I had to race from the soundstage to my second campaign debate in my ongoing quest to become the new animal control officer for the city of Beverly Hills. My worthy opponent, whom Norman and I are now referring to as 'The Rug' as his hairpiece is even more blatant than Kevin Spacey's, and I spent an hour answering questions about our plans for coyote control. I was simply devastating in dusty rose satin and the ornamentation allowed me to see the teleprompter this time. It was unfortunate, however, that the lifetime supply of Meow Mix, a little gift for my participation in the commercial shoot, arrived in the middle of the debate. There I was, surrounded by pallets of cat food boxes coming in by forklift. Fortunately, only one of the pallets slipped and burst all over the stage and at least it was kibble and not the messy soft kind.

After such a busy day, Norman and I decided that we were in the mood for something light and fun so we slipped Cold Comfort Farm into the home theater system when we returned home. All that work with animal feed had somehow gotten the country juices flowing and I felt a need to gaze upon tranquil pastoral scenes with a few cows or sheep wandering by but without the smells of actually being there. Cold Comfort Farm is a gem of a film, made for British television by John Schlessinger in 1995, and accorded a theatrical release in this country on the art house circuit. It's based on a classic British comic novel of the 1930s of the same name and is the account of the high minded Miss Flora Poste's arrival at the titular farm and her determination to make things better for her somewhat peculiar relatives, the Starkadders.

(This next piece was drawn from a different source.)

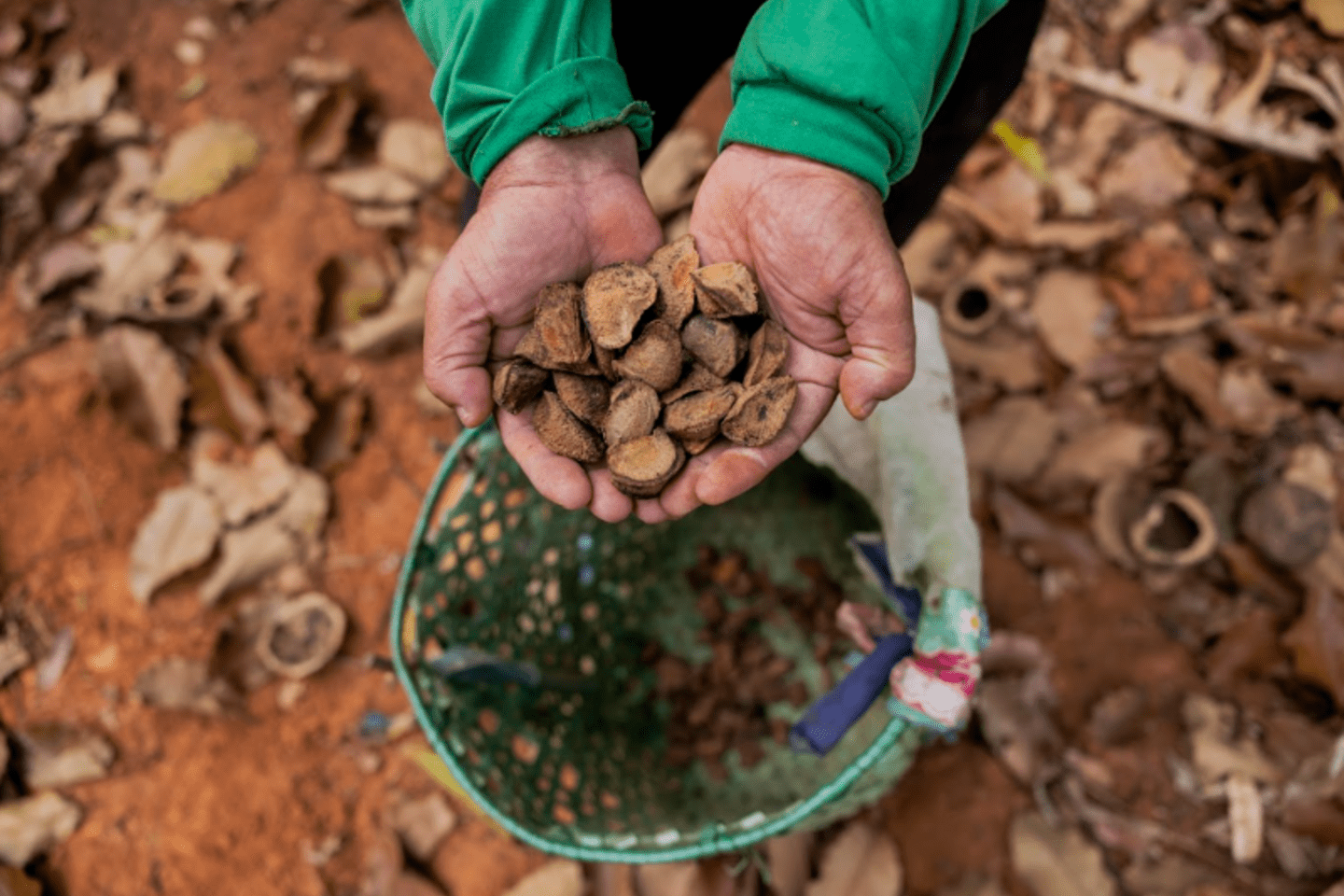 Captura de pantalla 2024-10-21 120840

Flora (Kate Beckinsale) is recently orphaned, and being of the upper classes (but without an upper class income) she is forced to turn to one of her many relatives for a place to live. She selects the Starkadder family of Cold Comfort Farm, distant cousins, who take her in over the "great wrong" once done to her father (what this wrong is remains somewhat obscure). There she finds her cousin Judith Starkadder (Eileen Atkins) a hopeless depressive, besotted with her son Seth (Rufus Sewell). Seth has dreams of being a movie star; his brother Reuben, of being a gentleman farmer and his sister Elphine is in love with the local squire's son despite her missing a certain grace and polish. Amos Starkadder (Ian McKellen), the father, preaches fire and brimstone sermons and is unhappy with the farming life and overseeing all is grandma Ada Doom (Sheila Burrell), who is an agoraphobic ruling the clan with an iron hand as she "once saw something nasty in the woodshed". Miss Flora moves in and primly sets about reordering all their lives with a little help from her London friends.

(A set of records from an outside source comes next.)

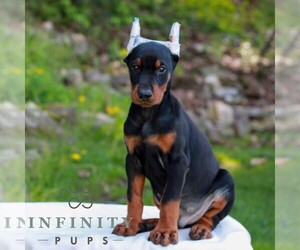 Doberman Pinscher Puppy for sale in NEWMANSTOWN, PA, USA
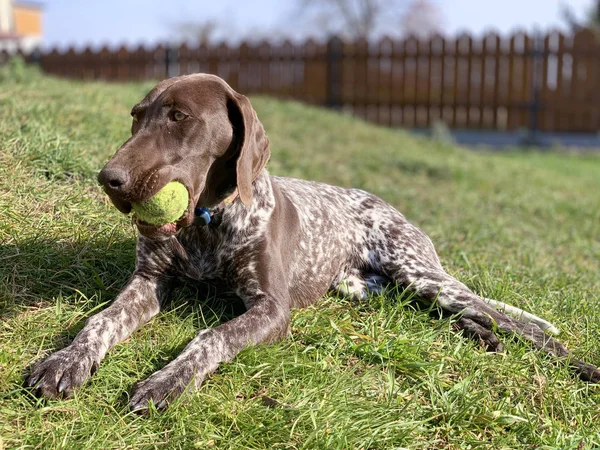 Yeşil toplu köpek. 
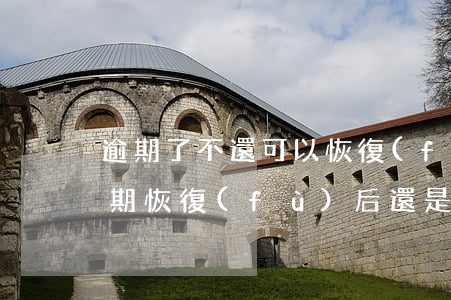 逾期了不還可以恢復(fù)征信嗎（征信逾期恢復(fù)后還是辦不了信用卡）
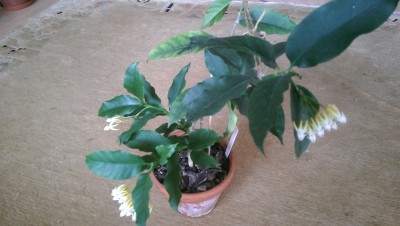 IMAG0515.jpg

The humor in the movie is of a very British turn and requires some understanding of British society and mores. The jokes involve character and situation and the eccentricities of living rather than bodily functions and explosions. The actors, fine British character actors all, obviously revel in their roles and enjoy bringing the somewhat addlebrained inhabitants of Cold Comfort Farm to life. This is the dry whimsical humor of the Masterpiece Theater variety and not the broad comedy of Monty Python or Mr. Bean. It is something of an acquired taste but those who enjoy such things as the plays of Alan Ayckbourn and the performances of Penelope Keith will be in their element. The best word for this film is charming. It, like the farm and the eccentrics, may take a while to warm up to but it will slyly seduce you into its offbeat world if you let it.

Schlessinger obviously has great affection for his odd cast of characters and puts even the most dubious amongst them into a wonderful mélange of food, flowers and fun at the end. Malcom Bradbury’s screenplay captures the odd twists of language from Stella Gibbon’s original novel and the richnessof the characters therein. Some of the slang and dialect may be incomprehensible to modern America but does not detract from the sense or the enjoyment.


Brassiere collectors. Obnoxious movie producers. Bad writers. Gratuitous flying machine. Germanic psychiatrists. London nightclubs. Engagement parties. Fashionable travel magazines. Gratuitous half naked Rufus Sewell.